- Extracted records
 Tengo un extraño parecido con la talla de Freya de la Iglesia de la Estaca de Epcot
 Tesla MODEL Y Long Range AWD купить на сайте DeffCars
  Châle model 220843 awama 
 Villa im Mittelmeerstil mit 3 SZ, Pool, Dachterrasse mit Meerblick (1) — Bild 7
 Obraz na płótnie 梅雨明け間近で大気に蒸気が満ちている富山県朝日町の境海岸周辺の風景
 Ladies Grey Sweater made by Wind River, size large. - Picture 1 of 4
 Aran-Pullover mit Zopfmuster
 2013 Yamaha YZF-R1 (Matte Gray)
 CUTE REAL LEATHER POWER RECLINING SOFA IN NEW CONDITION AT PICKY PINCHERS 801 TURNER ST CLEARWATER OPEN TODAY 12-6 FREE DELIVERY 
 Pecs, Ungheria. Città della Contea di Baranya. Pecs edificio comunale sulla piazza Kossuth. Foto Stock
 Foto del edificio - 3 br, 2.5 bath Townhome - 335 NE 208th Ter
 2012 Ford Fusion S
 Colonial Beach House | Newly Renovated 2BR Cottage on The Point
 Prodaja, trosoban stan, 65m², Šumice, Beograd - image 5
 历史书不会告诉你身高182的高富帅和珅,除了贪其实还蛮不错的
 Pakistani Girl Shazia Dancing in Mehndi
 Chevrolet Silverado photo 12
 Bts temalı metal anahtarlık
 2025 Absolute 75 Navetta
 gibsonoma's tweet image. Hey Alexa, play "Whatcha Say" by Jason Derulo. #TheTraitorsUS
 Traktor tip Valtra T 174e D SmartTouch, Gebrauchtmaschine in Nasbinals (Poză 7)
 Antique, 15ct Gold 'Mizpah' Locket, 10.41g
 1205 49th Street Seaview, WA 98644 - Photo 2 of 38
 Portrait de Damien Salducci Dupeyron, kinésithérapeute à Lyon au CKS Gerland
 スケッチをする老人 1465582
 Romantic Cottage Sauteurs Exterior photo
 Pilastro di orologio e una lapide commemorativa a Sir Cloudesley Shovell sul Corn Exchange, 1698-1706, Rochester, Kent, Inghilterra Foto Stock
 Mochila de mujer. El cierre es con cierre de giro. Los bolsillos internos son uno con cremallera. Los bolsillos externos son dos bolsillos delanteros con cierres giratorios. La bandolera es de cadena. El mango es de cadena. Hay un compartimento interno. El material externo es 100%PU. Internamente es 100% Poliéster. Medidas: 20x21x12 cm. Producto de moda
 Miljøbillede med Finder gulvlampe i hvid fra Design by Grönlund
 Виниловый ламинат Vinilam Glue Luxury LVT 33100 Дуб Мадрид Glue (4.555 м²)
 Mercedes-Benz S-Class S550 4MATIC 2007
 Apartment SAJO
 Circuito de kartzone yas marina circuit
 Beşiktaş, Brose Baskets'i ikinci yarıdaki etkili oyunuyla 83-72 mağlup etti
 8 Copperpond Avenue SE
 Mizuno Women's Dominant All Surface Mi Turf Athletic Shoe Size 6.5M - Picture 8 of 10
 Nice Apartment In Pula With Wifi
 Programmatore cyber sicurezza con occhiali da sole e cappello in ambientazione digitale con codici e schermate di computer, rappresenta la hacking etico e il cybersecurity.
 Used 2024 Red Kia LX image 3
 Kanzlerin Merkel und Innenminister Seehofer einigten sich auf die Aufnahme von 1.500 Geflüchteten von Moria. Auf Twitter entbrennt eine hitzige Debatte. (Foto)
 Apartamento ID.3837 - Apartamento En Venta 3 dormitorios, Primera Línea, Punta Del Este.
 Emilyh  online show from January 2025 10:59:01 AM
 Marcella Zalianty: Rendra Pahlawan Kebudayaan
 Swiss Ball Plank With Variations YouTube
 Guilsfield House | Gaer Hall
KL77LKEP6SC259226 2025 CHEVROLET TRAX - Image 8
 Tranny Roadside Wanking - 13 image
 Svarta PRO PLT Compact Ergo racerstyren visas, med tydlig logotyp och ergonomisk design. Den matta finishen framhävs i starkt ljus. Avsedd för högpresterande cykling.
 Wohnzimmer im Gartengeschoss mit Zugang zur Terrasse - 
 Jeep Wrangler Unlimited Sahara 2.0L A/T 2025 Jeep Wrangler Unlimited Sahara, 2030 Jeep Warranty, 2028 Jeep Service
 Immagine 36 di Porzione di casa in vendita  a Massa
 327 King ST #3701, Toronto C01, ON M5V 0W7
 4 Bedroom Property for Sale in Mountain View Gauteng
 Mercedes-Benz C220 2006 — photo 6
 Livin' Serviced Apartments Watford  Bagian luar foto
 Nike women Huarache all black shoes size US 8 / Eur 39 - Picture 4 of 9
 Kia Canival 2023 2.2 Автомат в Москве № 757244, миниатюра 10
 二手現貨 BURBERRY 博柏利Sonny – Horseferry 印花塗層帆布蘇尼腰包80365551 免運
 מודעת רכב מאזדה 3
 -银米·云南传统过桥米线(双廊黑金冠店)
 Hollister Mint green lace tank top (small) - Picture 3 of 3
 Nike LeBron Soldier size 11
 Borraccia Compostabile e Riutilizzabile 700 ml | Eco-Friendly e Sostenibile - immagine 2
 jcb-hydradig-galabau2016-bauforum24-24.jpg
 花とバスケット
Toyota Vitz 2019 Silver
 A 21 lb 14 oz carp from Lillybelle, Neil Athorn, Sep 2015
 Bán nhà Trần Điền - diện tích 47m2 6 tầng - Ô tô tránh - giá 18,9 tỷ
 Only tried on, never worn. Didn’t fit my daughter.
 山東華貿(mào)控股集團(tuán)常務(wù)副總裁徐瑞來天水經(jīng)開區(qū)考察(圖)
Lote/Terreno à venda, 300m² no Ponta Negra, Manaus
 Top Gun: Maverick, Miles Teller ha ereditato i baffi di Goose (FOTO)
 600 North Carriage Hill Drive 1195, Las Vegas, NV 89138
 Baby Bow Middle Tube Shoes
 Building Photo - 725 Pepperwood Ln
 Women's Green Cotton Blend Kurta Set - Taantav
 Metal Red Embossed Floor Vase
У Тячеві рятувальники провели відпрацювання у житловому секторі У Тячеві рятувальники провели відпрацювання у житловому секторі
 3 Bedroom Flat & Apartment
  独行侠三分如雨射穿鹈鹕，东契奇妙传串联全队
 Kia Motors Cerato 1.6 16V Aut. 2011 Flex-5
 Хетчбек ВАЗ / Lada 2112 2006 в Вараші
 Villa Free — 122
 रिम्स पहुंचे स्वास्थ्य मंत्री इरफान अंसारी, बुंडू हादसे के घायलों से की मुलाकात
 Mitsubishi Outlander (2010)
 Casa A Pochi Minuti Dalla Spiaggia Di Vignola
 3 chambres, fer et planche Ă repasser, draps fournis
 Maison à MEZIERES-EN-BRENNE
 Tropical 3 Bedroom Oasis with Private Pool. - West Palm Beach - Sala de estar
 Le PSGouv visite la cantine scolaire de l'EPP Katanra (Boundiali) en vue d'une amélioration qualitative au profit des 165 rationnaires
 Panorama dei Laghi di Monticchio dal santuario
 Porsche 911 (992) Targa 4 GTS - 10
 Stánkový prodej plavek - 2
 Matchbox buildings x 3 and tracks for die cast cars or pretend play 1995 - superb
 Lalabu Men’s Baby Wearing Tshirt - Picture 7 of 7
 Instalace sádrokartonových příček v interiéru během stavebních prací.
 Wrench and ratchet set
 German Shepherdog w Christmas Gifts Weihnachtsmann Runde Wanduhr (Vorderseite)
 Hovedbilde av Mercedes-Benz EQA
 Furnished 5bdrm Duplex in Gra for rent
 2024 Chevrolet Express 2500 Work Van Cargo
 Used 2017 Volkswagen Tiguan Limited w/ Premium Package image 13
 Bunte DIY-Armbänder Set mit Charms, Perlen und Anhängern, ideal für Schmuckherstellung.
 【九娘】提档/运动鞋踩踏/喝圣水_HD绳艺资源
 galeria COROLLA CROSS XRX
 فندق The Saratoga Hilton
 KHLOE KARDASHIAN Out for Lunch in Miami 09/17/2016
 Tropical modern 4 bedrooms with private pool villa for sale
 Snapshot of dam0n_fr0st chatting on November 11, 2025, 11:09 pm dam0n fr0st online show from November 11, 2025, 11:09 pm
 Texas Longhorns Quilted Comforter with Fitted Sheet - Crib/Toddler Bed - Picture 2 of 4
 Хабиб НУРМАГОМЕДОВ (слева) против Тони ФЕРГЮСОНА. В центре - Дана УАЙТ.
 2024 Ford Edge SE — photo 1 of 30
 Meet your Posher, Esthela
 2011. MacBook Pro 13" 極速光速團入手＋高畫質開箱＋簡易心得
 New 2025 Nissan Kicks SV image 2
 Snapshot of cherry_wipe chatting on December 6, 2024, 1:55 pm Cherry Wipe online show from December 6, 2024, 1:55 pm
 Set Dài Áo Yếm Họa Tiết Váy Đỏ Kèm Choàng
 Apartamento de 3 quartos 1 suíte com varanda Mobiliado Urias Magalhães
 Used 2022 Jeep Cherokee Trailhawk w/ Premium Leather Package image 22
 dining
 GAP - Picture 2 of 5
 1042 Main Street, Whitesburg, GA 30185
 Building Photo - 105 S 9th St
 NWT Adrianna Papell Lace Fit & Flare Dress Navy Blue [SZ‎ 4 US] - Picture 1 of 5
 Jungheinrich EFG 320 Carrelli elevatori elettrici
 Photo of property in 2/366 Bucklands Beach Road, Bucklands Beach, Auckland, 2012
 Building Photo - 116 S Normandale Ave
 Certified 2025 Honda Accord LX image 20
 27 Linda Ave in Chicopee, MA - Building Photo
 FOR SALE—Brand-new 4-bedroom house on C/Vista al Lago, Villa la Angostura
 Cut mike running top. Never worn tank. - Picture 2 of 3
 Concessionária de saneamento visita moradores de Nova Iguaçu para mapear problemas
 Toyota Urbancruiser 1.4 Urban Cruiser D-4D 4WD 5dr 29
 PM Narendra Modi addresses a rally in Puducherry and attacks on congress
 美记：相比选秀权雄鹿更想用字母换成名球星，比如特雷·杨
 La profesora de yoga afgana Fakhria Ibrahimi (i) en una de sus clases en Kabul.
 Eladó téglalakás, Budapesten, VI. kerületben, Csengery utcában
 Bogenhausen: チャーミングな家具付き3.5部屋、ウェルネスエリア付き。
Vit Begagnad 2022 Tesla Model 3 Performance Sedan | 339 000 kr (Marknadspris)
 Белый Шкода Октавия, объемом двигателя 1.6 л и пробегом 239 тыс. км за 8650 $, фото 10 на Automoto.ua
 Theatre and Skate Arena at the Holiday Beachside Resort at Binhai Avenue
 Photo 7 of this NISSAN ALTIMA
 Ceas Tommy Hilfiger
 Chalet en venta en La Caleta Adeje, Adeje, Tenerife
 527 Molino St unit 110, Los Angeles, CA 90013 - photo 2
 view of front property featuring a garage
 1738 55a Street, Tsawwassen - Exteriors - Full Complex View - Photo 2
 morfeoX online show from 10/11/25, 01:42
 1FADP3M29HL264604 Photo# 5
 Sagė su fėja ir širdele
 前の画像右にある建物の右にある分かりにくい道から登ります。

- TASK DETAILS
Each line of the records that holds the word "show" should be copied out.

- ANSWER SECTION
 Emilyh  online show from January 2025 10:59:01 AM
 Snapshot of dam0n_fr0st chatting on November 11, 2025, 11:09 pm dam0n fr0st online show from November 11, 2025, 11:09 pm
 Snapshot of cherry_wipe chatting on December 6, 2024, 1:55 pm Cherry Wipe online show from December 6, 2024, 1:55 pm
 morfeoX online show from 10/11/25, 01:42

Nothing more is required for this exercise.